Nereden başlayacağımı bilmiyorum ancak benim hikayem de maalesef diğerlerinden pek farklı değil.
5. sınıfın yazında yatılı bir Kuran kursuna kayıt oldum. Namaz kılmak, Kuran okumak gibi pek çok dini gerekliliği severek ve isteyerek yerine getiriyordum. Ancak kapanmak, tesettüre girmek her zaman uzağımdaydı. Ortaokuldayken giyimime laf ettiler, basit bir kot pantolonuma ya da tişörtüme bile. Özellikle annemin akrabaları sanki kendi kızlarıymışım gibi beni rastgele yolda gördüklerinde giyimimden rahatsız olup annemi ararlardı.
Velhasıl bu baskılarla 9. sınıfta kapandım. O dönem pandemiye denk geldiği için pek bir şey anlamadım. Çünkü zaten dışarı çıkmam gerekmiyordu, böylece kapanmam da… Ancak geçen sene yani 10. sınıftayken sınıfımdakilerden pek çok zorbalık gördüm -sebebini hâlâ bilmiyorum- ve tesettürün bana verdiği özgüvensizlikle önceden kendime laf ettirmeyen ben önce okuldakilerin, daha sonra da çevremdekilerin baskıları altında ezildim. Bu dönemde inancımı ve kendimi çok sorguladım. Zaten isteyerek kapanmamıştım. Ancak bunu aileme açtığımda asla kabul etmediler. Dine inanmadığımı ve bu gidişle “ateist bir kapalı” yetiştireceklerini söyledim. Ancak annem “İster Hıristiyan ister ateist ol. O kafan kapanacak” dedi. Dertleri İslam değildi, dertleri kafamı kapatmaktı ve bu durumu daha da kötüleştirdi. Sinir krizi geçirdim kendime epey zarar verdim ama umurlarında olmadı. Bu olay hiç yaşanmamış gibi devam ettiler. Sinir krizi esnasında yaptığım izleri soran olursa onlara “Kardeşimle tartıştım, o yaptı” dememi istediler.
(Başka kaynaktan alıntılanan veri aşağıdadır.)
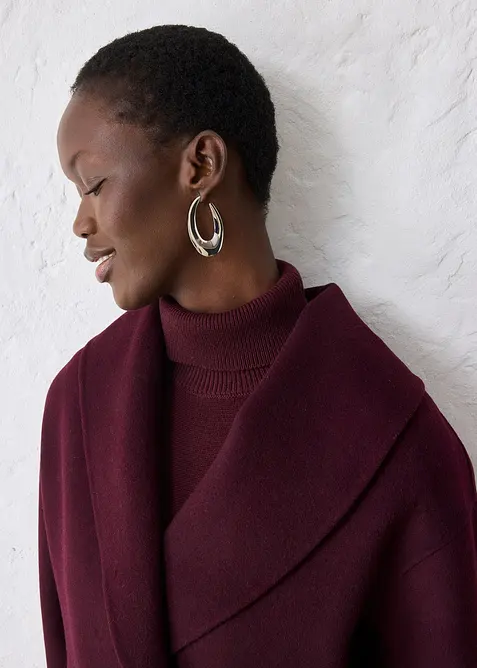 Oversize kabátek z měkké vlněné směsi, bonprix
Bu olaydan çok kısa bir süre sonra her durumda yanımda olan en yakın kız arkadaşımdan hoşlandığımı anladım ve ona açıldım. Ne olumlu ne de olumsuz cevap verdi ama iletişimi koparmadık. Daha sonra duygularımı kullanmaya başladı. Aile baskısıyla mücadele ederken kalbimin “günahkâr” seçiminin de bedelini ödüyordum. Bu durum hala devam ediyor. Arkadaşlarım ve çevrem homofobik oldukları için hiç kimseye hiçbir konuda derdimi anlatamıyorum. Yaşamak da istemiyorum.